• _MATERIAL SHOWN_:
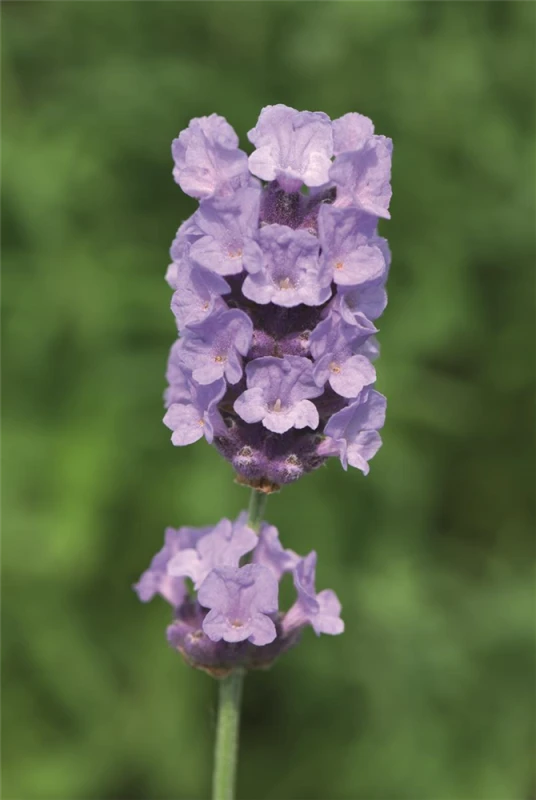 Lavendel „Melissa Lilac“®, Hellblau 4 Lavendel „Melissa Lilac“®, Hellblau – Bild 2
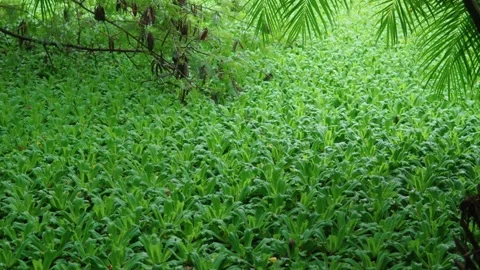 Green Pond Vídeos de archivo 275070585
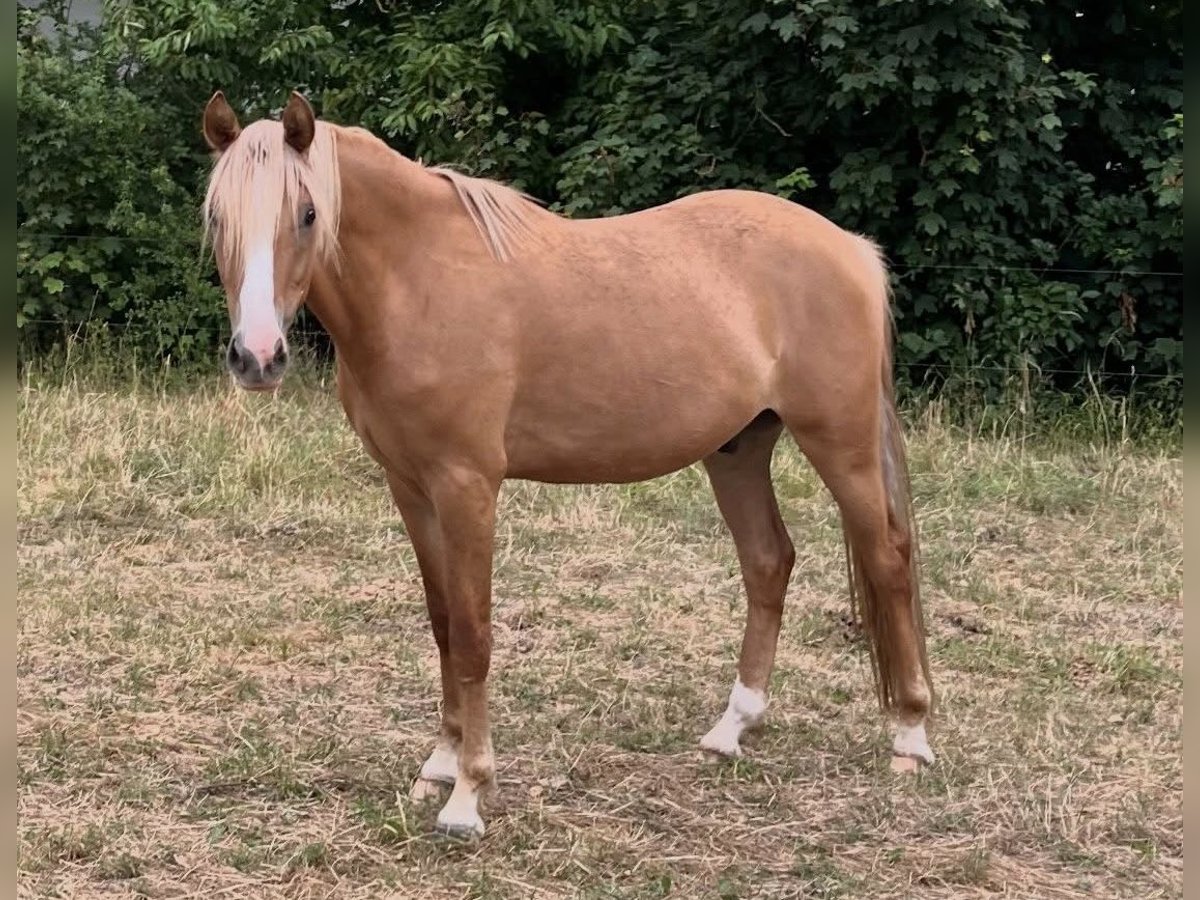Duitse rijpony Ruin 3 Jaar 151 cm Falbe in Sangerhausen
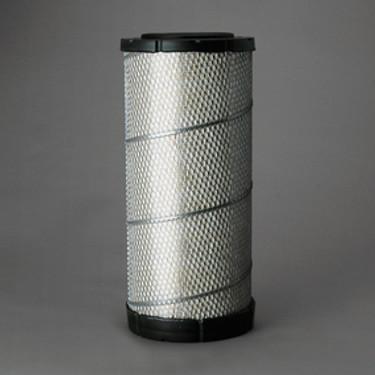 Donaldson P614563 Air Filter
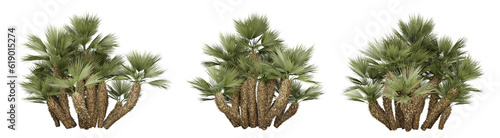 Chamaerops humilis palm tree on transparent background, png plant, 3d render illustration. photo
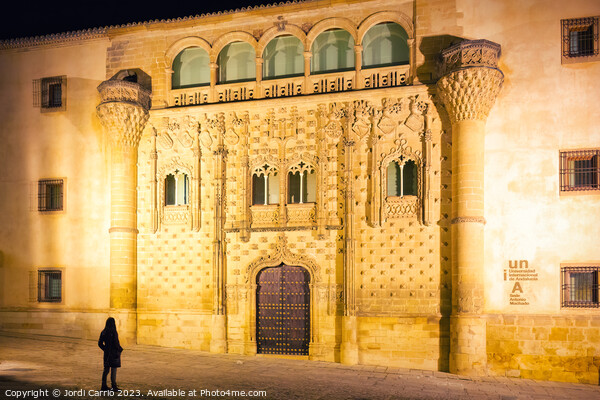 Palace of Jabalquinto de Baeza, Andalusia  - Advan Picture Board by Jordi Carrio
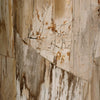 Aida Light Petrified Wood End Table | shipping 08/15/2025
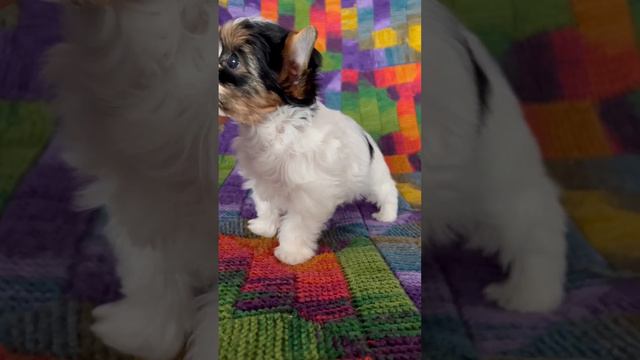 Бивер Девочка Стандарт Яркая! Красивая! Продажа! #puppy #биверйорк #biewer #biewerterrier смотреть онлайн
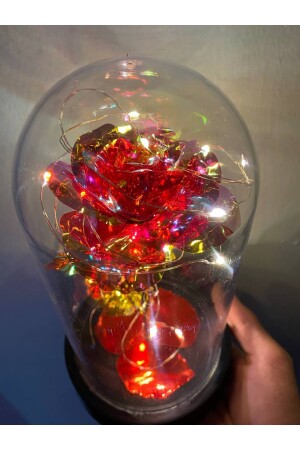 LED-beleuchtetes Infinity-Rosenglas, Geschenk, Rosen-Terrarium 12214522 - 1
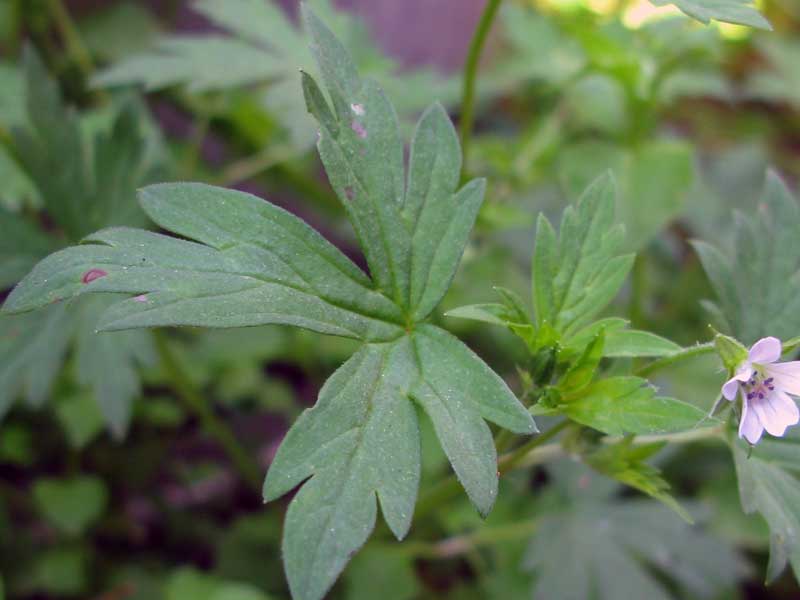 Image of Geranium sibiricum specimen.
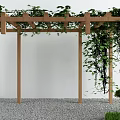 Wooden Pergola Covered With Green Vines Against White Wall Gravel Ground And Trimmed Shrubs
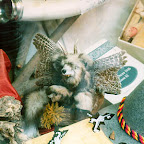FI2608655_4E.jpg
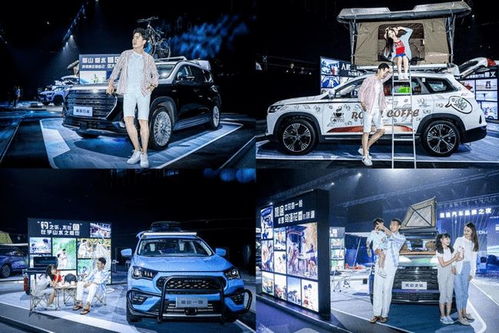 星辰汽车今日价多少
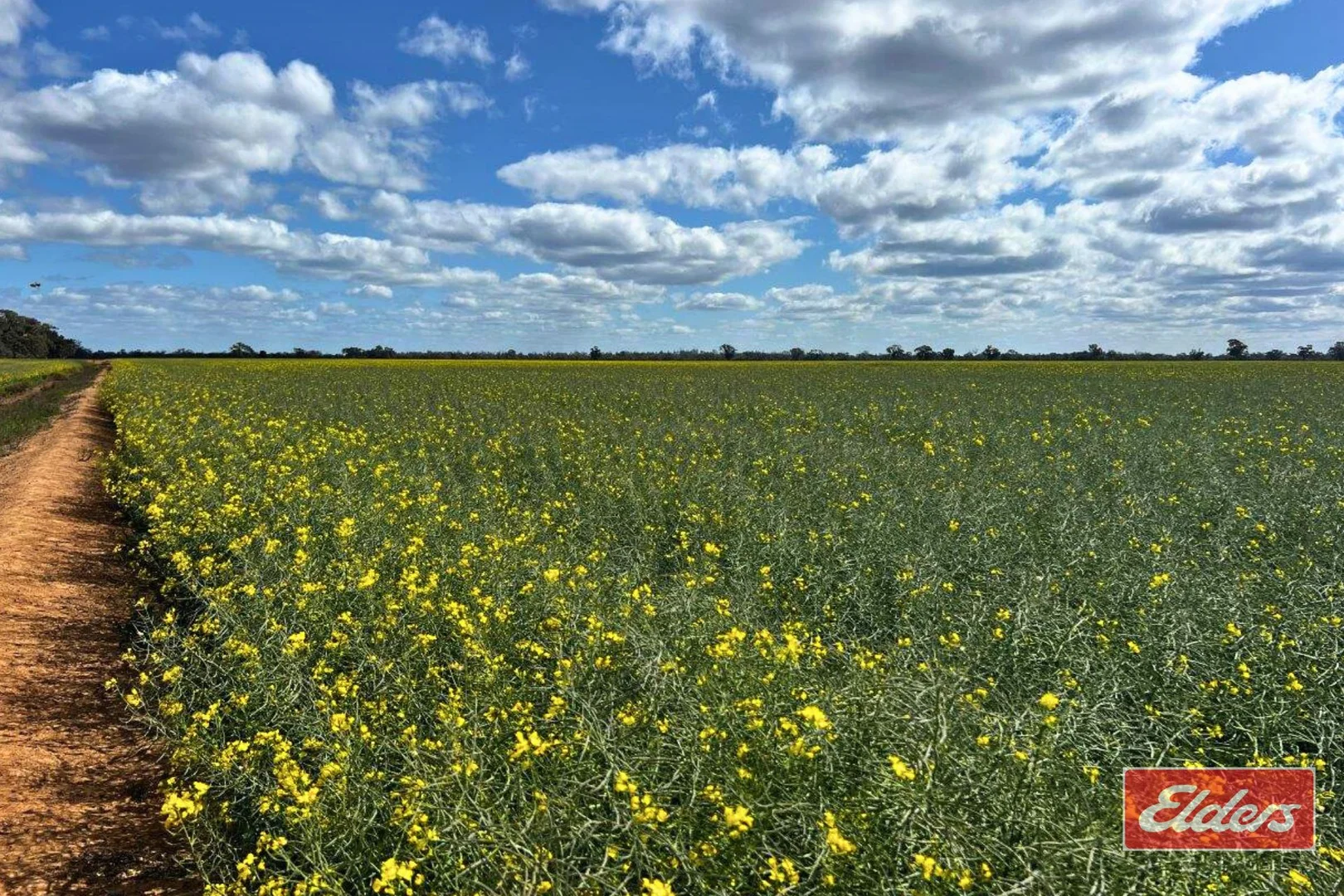 Additional image 9 of Perricoota, Bunnaloo NSW 2731
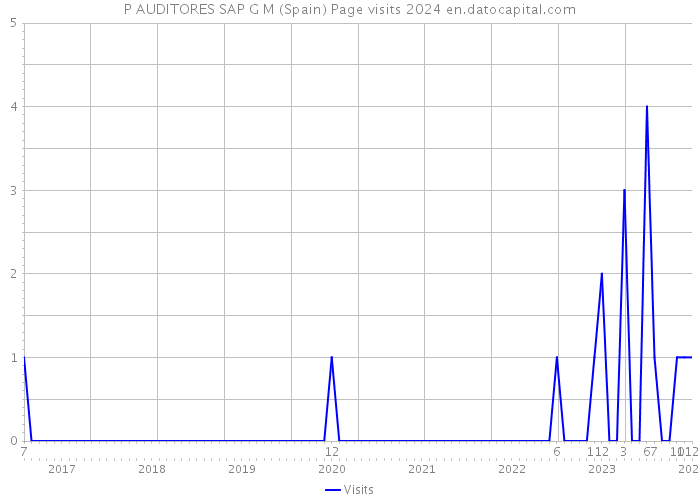 P AUDITORES SAP G M (Spain) Page visits 2024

• _ACTION ITEM_: Every line from the one bearing "FI2608655_4E.jpg" through the end of the data above must be output exactly, and no picture may appear.

• _SOLUTION FOR THIS PROBLEM_:
FI2608655_4E.jpg
 星辰汽车今日价多少
 Additional image 9 of Perricoota, Bunnaloo NSW 2731
 P AUDITORES SAP G M (Spain) Page visits 2024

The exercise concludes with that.